#### About this exercise
Please return all lines from the records below that include the string "Picture".

#### Given data

********************

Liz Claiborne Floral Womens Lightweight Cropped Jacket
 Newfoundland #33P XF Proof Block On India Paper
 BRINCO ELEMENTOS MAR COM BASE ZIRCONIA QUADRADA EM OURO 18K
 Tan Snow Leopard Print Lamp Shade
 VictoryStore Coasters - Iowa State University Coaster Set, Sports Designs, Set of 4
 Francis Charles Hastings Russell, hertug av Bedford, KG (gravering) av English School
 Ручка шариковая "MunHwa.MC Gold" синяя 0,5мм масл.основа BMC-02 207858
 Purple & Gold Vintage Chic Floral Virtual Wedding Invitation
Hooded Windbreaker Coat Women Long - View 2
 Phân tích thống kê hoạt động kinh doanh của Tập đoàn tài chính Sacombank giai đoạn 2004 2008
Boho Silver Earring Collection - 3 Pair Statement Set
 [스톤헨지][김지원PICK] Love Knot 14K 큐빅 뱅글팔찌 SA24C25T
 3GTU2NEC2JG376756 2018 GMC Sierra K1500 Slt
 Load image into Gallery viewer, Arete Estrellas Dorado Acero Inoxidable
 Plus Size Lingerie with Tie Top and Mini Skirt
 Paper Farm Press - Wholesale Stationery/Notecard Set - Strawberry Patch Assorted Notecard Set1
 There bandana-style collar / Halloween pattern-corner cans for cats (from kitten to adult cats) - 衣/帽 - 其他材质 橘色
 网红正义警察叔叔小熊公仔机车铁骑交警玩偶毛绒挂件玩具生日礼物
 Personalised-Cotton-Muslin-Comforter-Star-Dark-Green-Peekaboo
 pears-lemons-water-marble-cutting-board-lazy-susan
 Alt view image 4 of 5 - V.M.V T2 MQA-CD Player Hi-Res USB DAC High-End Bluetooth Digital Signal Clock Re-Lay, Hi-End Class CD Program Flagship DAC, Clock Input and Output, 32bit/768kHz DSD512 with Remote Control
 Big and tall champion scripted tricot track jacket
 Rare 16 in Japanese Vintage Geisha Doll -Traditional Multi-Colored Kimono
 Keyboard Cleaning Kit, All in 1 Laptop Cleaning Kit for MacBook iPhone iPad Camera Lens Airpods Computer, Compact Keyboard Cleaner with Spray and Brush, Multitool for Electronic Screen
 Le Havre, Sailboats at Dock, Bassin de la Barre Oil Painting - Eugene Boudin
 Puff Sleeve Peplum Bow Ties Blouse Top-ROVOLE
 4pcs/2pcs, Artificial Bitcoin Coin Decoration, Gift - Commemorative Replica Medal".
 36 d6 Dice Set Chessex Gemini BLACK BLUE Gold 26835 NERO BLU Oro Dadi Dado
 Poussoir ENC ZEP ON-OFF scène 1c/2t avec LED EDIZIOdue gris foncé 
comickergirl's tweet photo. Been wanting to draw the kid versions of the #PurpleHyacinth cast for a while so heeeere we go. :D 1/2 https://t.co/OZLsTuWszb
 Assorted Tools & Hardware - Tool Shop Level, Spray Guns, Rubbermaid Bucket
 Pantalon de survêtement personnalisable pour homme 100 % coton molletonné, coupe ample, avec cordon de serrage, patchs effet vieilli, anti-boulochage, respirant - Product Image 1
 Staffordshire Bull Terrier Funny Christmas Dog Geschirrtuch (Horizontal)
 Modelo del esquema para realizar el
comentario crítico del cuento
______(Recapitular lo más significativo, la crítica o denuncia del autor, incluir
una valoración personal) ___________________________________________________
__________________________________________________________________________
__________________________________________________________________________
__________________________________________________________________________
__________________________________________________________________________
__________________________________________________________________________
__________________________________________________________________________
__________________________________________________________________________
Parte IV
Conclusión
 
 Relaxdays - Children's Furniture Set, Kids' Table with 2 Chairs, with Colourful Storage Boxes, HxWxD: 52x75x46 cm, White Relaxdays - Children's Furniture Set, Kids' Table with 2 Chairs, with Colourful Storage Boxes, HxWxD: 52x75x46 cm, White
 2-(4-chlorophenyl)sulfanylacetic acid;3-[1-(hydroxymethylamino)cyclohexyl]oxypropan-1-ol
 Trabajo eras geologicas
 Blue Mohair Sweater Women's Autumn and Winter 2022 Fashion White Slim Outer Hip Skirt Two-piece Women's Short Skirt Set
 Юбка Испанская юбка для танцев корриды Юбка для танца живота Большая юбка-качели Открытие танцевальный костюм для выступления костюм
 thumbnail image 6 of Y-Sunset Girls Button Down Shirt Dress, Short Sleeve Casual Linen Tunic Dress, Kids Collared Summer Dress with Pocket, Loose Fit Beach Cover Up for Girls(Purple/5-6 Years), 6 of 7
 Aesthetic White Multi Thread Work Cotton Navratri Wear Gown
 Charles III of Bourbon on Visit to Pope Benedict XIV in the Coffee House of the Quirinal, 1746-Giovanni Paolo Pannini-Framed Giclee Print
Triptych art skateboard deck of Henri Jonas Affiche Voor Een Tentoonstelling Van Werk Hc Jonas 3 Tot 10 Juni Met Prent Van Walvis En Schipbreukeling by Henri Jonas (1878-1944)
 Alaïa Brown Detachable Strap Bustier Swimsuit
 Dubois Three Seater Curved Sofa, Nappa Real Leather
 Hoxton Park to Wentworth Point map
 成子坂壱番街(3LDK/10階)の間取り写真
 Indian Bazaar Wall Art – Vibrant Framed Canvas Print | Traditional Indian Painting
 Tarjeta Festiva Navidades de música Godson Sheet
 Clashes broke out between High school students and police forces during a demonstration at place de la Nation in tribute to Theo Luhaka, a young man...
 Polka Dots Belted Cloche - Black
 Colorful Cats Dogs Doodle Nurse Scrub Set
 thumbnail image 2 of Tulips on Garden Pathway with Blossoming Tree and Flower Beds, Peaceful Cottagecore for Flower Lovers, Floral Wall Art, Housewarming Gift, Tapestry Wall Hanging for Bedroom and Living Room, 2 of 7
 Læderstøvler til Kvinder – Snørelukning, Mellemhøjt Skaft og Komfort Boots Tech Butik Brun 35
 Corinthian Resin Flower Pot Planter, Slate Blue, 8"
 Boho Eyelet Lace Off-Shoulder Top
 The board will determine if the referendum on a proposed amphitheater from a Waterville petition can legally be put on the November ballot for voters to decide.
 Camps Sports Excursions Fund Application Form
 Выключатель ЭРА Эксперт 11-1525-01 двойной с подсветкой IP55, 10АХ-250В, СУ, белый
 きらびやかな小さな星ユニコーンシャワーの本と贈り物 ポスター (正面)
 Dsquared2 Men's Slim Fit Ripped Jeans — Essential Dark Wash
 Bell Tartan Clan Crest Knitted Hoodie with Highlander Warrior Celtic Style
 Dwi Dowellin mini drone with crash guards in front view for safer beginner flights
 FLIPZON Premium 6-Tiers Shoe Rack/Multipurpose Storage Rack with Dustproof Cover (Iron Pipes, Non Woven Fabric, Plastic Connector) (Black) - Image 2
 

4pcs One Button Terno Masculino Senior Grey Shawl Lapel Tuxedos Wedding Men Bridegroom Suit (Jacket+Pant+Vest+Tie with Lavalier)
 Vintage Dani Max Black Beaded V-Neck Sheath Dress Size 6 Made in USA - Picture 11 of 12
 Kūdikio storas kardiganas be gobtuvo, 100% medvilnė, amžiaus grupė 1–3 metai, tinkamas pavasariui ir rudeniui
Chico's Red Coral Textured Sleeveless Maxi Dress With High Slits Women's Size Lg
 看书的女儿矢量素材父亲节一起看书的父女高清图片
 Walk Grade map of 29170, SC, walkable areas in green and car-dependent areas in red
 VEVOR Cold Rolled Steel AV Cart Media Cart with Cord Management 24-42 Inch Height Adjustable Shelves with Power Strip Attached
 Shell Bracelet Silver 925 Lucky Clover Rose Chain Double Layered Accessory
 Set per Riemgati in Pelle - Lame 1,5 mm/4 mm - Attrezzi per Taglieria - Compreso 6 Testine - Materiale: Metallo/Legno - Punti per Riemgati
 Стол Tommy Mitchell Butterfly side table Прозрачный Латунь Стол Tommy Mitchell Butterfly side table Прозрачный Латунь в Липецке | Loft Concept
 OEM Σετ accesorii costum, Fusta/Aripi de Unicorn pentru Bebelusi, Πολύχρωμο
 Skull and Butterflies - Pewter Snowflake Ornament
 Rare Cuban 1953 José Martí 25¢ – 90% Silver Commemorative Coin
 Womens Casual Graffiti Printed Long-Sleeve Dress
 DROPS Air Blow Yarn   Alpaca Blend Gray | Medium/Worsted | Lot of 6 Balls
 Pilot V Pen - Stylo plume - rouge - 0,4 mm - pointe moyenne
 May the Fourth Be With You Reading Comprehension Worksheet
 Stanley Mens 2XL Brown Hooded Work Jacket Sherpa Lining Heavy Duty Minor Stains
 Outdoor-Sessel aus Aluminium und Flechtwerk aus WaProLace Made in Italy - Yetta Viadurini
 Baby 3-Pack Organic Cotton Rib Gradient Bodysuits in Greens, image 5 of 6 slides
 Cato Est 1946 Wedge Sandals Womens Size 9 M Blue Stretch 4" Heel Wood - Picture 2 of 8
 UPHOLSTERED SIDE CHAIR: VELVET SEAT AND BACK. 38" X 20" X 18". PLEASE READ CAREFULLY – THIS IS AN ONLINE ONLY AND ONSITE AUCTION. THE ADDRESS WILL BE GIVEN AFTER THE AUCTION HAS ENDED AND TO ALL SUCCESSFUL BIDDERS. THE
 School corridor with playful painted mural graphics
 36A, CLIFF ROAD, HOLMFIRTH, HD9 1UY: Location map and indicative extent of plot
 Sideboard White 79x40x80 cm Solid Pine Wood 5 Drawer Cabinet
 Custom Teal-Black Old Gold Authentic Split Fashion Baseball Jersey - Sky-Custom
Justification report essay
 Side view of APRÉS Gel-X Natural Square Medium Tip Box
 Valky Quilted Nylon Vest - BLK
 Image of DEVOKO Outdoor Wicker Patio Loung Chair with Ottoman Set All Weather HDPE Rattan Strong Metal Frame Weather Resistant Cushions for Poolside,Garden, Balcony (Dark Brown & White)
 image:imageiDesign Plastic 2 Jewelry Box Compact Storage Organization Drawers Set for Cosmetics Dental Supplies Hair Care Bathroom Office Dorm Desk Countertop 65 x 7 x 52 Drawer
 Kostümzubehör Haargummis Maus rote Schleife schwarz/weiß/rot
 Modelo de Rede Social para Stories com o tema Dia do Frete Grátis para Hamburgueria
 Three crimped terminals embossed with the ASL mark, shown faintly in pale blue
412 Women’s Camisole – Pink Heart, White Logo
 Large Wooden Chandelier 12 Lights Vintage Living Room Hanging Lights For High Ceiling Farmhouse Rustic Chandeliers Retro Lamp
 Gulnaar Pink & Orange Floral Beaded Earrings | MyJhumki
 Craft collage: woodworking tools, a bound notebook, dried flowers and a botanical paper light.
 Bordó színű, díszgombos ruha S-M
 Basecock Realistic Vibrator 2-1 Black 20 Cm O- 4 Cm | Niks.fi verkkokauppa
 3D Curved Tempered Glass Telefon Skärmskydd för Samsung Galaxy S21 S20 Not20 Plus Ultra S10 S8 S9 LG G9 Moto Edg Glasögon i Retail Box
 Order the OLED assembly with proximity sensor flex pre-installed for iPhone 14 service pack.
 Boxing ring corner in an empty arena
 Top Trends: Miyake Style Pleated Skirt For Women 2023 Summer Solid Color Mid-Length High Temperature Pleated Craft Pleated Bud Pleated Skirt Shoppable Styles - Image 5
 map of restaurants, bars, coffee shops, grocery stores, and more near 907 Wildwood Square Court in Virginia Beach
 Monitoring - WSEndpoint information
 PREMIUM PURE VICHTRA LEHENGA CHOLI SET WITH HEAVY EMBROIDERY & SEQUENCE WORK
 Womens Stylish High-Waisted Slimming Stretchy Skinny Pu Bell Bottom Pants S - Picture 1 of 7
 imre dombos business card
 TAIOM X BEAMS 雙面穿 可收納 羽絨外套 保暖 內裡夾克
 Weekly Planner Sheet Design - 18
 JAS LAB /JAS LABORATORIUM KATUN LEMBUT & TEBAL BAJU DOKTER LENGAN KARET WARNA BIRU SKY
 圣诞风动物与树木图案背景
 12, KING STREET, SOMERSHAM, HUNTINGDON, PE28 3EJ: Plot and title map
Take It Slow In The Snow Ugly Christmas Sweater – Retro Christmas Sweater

********************

#### Answer section
 Vintage Dani Max Black Beaded V-Neck Sheath Dress Size 6 Made in USA - Picture 11 of 12
 Cato Est 1946 Wedge Sandals Womens Size 9 M Blue Stretch 4" Heel Wood - Picture 2 of 8
 Womens Stylish High-Waisted Slimming Stretchy Skinny Pu Bell Bottom Pants S - Picture 1 of 7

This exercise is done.